Hunterian awarded £200,000 from Art Fund’s Moving Image Fund

Published: 30 November 2017

The Hunterian at the University of Glasgow has been awarded £200,000 from the Art Fund’s Moving Image Fund, which helps museums build their collections of artists’ film and video.

The Hunterian at the University of Glasgow has been awarded £200,000 from the Art Fund’s Moving Image Fund, which helps museums build their collections of artists’ film and video.

The Moving Image Fund is specifically designed to help museums and galleries across the UK collect and share with audiences the work of contemporary artists working with digital media, video and film.

Stephen Deuchar, Art Fund Director, said:

“Our Moving Image Fund is helping UK museums and galleries to acquire important works in film and video, giving more people access to this increasingly important medium. We thank the generous supporters who have made this possible, and look forward to seeing what The Hunterian acquires.”

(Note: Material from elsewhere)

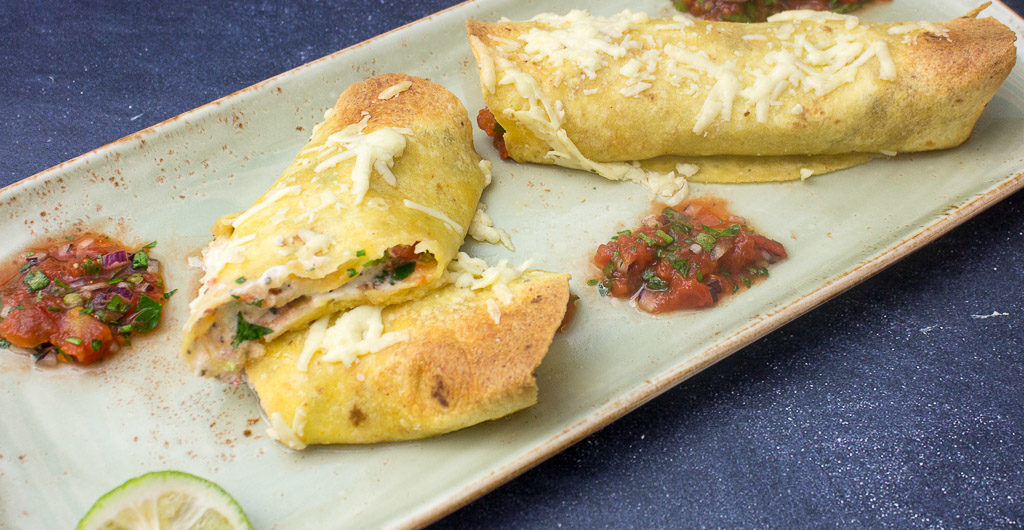 Enchiladas überbacken gefüllt mit Frischkäse und Tomaten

Other organisations to benefit from the fund include Bristol Museum and Art Gallery, Towner Art Gallery, Eastbourne, and the Whitworth, Manchester.

Steph Scholten, Director of The Hunterian said:

“The Hunterian is delighted to be among the organisations supported by the Moving Image Fund. We are extremely grateful to the Art Fund and its partners for this award which will allow us to expand our world-class collections and further deepen our engagement with contemporary art.”

Dr Dominic Paterson, Curator of Contemporary Art at The Hunterian said:

“The support of the Moving Image Fund will be really transformative for The Hunterian’s ability to collect contemporary art and to share artworks of the highest quality with our audiences. The fact that we will also be able to commission a new moving image work in partnership with Film and Video Umbrella as part of this award makes it especially exciting. I’m so pleased to have been given this opportunity by Art Fund.”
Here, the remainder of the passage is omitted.